+++ DATA FOR THE TASK +++

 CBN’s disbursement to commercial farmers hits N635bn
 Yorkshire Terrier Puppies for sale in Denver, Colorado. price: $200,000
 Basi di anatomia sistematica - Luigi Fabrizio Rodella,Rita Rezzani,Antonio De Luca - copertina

+++
+++ DATA FOR THE TASK +++

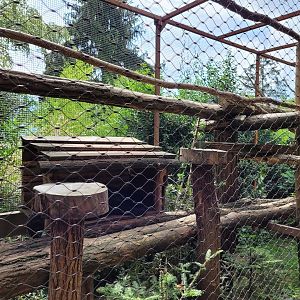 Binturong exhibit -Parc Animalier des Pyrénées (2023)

+++

WHAT TO WORK ON » Extract exactly and only the lines above from the line containing "CBN’s disbursement to" through the line containing "Basi di anatomia", both end lines included.

EXERCISE ANSWER »
 CBN’s disbursement to commercial farmers hits N635bn
 Yorkshire Terrier Puppies for sale in Denver, Colorado. price: $200,000
 Basi di anatomia sistematica - Luigi Fabrizio Rodella,Rita Rezzani,Antonio De Luca - copertina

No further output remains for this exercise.